Schweißgebadet schreckte ich auf. Es war stockdunkel. Wo war ich? Nur ein kleiner Lichtschimmer fiel durch ein Fenster gegenüber von mir. Regungslos wanderte ich mit den Augen den Raum ab. Es war mein Zimmer. Ein Traum, schoss es durch meinen Kopf. Es war nur ein Traum. Kurz atmete ich durch, dann schlüpfte ich geräuschlos aus meinem Bett und öffnete das Fenster. Ich brauchte frische Luft, um wieder einen klaren Kopf zu bekommen. Mir war unglaublich heiß.
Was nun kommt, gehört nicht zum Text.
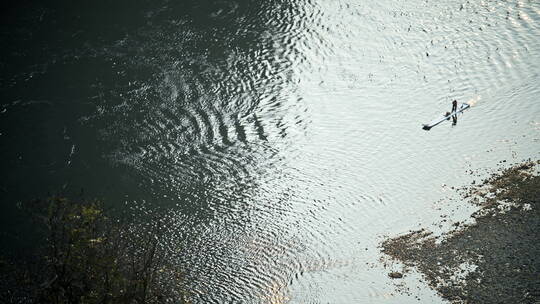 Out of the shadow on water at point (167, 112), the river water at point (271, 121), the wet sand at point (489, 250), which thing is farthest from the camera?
the shadow on water at point (167, 112)

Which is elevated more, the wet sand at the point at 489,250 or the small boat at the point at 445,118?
the small boat at the point at 445,118

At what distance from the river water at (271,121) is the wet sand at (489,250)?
155 centimetres

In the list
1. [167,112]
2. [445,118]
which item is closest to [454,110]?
[445,118]

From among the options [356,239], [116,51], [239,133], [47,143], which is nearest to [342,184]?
[356,239]

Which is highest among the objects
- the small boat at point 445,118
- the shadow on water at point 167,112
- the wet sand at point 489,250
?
Result: the shadow on water at point 167,112

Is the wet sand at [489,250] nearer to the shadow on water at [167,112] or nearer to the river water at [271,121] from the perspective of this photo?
the river water at [271,121]

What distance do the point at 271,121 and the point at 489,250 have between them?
22.8 meters

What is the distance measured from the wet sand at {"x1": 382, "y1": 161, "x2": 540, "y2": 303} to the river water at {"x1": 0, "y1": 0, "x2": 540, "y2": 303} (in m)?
1.55

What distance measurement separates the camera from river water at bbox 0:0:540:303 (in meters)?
39.4

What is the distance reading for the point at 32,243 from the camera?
39.7 meters

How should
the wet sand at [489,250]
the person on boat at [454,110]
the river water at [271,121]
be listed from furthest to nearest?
the person on boat at [454,110] → the river water at [271,121] → the wet sand at [489,250]

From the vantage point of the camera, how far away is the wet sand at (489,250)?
107 ft

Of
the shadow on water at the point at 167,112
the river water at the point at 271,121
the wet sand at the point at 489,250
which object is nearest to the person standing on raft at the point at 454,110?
the river water at the point at 271,121

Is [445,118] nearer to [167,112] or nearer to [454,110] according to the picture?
[454,110]
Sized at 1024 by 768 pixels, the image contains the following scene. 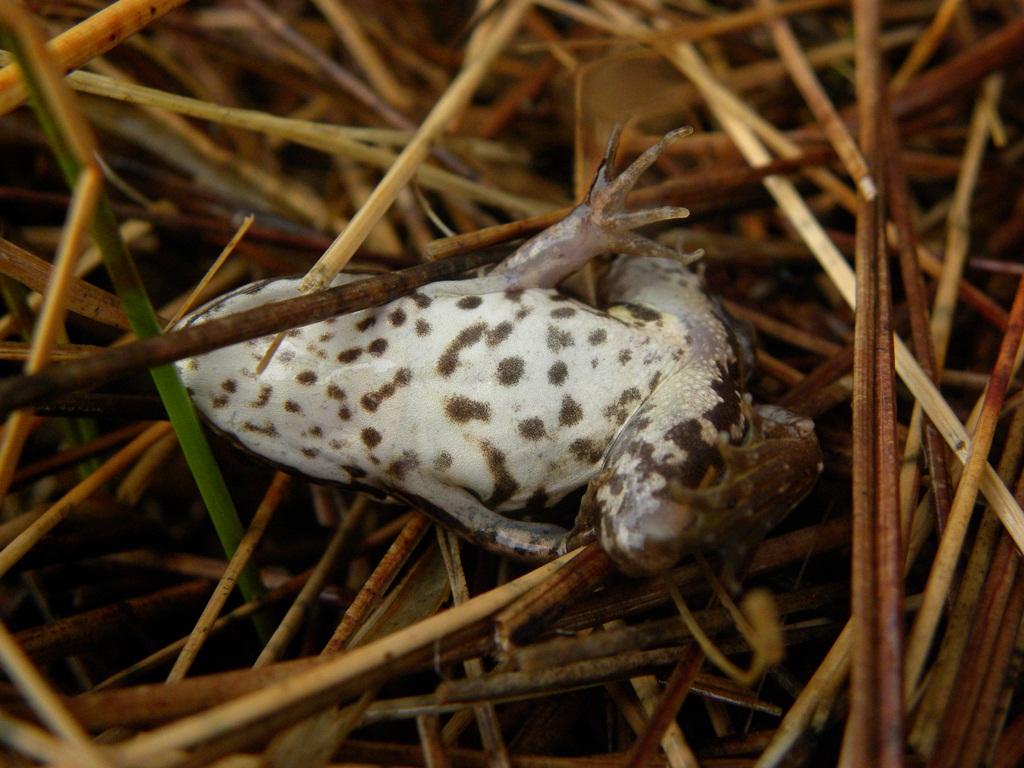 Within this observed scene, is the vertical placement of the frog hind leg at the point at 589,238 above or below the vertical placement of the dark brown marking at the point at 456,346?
above

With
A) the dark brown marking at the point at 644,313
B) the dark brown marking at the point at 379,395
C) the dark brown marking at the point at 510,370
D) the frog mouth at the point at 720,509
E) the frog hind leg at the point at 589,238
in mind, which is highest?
the frog hind leg at the point at 589,238

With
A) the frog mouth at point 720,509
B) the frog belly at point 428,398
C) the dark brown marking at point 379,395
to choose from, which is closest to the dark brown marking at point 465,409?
the frog belly at point 428,398

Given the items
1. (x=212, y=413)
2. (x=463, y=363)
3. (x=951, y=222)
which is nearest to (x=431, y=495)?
(x=463, y=363)

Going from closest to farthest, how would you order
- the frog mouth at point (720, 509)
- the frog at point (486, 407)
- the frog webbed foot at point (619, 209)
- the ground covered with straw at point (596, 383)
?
the ground covered with straw at point (596, 383)
the frog mouth at point (720, 509)
the frog at point (486, 407)
the frog webbed foot at point (619, 209)

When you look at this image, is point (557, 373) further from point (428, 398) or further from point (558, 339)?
point (428, 398)

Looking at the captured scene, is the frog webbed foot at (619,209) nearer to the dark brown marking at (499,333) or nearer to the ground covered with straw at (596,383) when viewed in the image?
the ground covered with straw at (596,383)

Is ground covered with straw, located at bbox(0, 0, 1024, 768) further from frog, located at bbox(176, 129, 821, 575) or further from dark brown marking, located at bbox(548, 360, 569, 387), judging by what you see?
dark brown marking, located at bbox(548, 360, 569, 387)

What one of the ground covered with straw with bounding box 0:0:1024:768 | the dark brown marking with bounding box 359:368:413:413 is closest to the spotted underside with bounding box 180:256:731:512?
the dark brown marking with bounding box 359:368:413:413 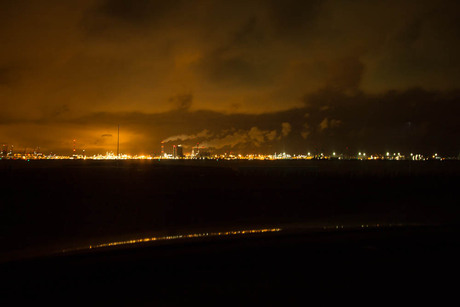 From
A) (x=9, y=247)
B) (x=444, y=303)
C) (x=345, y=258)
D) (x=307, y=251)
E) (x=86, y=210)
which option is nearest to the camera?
A: (x=444, y=303)

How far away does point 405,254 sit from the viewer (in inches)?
245

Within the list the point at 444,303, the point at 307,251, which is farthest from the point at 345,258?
the point at 444,303

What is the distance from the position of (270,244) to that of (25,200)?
14.4 metres

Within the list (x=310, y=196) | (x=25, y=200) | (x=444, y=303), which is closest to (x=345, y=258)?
(x=444, y=303)

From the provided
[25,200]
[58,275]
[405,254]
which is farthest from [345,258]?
[25,200]

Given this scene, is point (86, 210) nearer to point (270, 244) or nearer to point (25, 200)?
point (25, 200)

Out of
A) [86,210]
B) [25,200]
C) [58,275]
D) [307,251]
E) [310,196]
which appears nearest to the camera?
[58,275]

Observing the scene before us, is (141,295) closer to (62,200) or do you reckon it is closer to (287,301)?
(287,301)

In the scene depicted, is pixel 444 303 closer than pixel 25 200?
Yes

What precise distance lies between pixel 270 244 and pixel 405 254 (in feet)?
7.30

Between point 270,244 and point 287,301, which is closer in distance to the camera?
point 287,301

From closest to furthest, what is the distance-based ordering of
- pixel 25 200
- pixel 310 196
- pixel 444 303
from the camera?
pixel 444 303
pixel 25 200
pixel 310 196

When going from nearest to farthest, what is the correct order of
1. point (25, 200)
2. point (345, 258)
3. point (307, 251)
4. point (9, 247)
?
point (345, 258)
point (307, 251)
point (9, 247)
point (25, 200)

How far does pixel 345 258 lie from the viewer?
19.6 ft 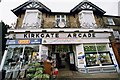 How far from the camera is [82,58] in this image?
40.0 ft

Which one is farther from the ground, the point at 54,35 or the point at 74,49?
the point at 54,35

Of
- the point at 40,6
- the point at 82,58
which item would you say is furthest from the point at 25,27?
the point at 82,58

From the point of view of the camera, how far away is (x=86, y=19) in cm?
1488

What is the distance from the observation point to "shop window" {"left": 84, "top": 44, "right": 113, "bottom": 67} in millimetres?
12297

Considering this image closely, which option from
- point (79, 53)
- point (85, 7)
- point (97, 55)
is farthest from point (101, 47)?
point (85, 7)

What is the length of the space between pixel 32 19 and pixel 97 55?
7416mm

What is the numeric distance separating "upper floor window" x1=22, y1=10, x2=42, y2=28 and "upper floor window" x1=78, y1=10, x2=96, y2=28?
173 inches

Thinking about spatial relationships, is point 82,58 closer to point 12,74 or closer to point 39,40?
point 39,40

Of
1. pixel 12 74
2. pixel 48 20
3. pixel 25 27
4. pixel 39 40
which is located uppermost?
pixel 48 20

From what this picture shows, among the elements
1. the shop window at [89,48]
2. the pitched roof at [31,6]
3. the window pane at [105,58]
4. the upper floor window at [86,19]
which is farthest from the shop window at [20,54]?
the window pane at [105,58]

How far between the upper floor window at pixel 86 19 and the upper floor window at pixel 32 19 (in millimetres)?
4402

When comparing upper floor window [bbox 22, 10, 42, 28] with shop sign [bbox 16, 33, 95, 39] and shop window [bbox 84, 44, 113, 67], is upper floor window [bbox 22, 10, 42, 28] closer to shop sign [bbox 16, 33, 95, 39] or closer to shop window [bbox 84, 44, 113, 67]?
shop sign [bbox 16, 33, 95, 39]

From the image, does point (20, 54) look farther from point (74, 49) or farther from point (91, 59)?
point (91, 59)

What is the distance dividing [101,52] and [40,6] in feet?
26.4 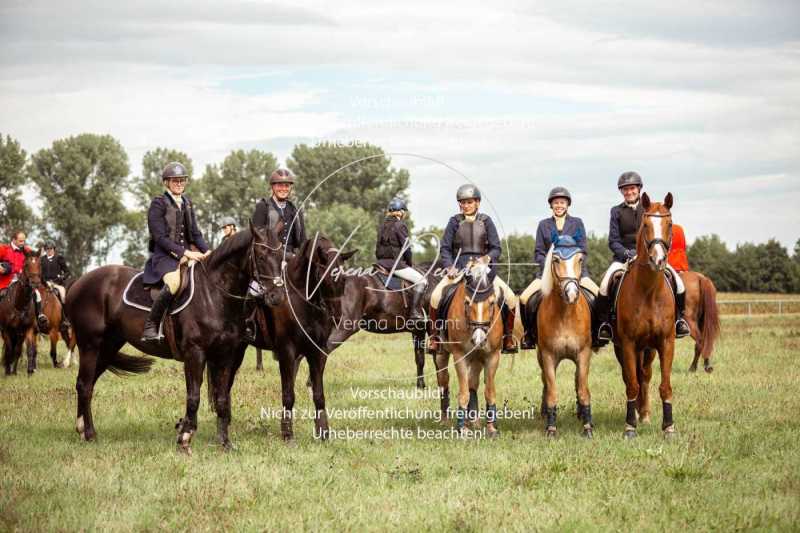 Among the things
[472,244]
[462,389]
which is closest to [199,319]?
[462,389]

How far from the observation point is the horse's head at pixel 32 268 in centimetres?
1920

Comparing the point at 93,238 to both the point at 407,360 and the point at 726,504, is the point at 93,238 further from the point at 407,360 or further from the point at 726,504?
the point at 726,504

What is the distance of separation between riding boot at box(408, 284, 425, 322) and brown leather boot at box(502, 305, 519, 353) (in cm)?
A: 453

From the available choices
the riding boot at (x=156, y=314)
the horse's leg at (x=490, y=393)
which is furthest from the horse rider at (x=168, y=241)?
the horse's leg at (x=490, y=393)

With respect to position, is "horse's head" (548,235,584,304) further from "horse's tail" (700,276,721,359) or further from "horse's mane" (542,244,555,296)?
→ "horse's tail" (700,276,721,359)

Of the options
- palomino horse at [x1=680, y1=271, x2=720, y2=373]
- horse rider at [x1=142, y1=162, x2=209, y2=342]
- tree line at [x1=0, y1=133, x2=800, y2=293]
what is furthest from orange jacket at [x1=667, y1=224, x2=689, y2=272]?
tree line at [x1=0, y1=133, x2=800, y2=293]

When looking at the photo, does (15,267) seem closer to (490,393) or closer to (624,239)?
(490,393)

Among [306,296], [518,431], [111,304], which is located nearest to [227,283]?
[306,296]

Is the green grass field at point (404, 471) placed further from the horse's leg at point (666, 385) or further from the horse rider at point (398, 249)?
the horse rider at point (398, 249)

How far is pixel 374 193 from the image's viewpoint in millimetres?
31062

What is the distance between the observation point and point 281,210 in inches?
461

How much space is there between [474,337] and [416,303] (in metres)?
5.80

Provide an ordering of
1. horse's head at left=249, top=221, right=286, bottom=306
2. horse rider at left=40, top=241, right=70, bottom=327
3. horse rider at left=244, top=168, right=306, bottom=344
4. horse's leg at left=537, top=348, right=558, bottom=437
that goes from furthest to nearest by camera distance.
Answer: horse rider at left=40, top=241, right=70, bottom=327
horse rider at left=244, top=168, right=306, bottom=344
horse's leg at left=537, top=348, right=558, bottom=437
horse's head at left=249, top=221, right=286, bottom=306

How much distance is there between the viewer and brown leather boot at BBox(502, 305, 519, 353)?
11789mm
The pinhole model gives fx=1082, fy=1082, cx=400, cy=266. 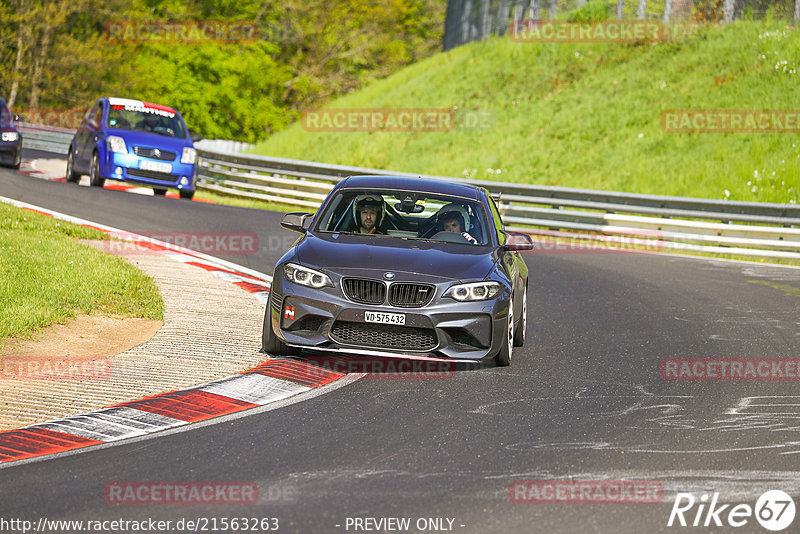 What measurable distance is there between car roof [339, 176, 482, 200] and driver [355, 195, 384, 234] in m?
0.14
In den Nächten war es tief dunkel. Die Laternen gingen um Punkt 22Uhr aus, so wie Sacka es wollte. Wenn der Mond kein Licht spendete, war das einzige Licht ein heller Schein, der vom anderen Ende des Dorfes herschien. Dort befand sich das alte Fabrikgelände. Auf dem Gelände standen ein stillgelegtes Stahlwerk und rechts daneben ein alter Krankenhauskomplex. Auf einer großen asphaltierten Fläche, die die beiden Gebäudekomplexe verband, parkten die Transporter. Beide Gebäude wurden von Sacka genutzt, für sich und seine Soldaten. Das Betreten des gesamten Fabrikgeländes war Bewohnern strengstens untersagt, daher war das Gelände auch der einzige Teil, welcher nachts beleuchtet wurde. Ich atmete einen kräftigen Zug der frischen Abendluft ein. Dieser Traum war so intensiv und real gewesen. Ich hatte so viele Gesichter wiedererkannt. Sacka, meine Mutter, Wise, der Soldat von gestern, die kleine Lotta, Herrn Piller, meinen Vater.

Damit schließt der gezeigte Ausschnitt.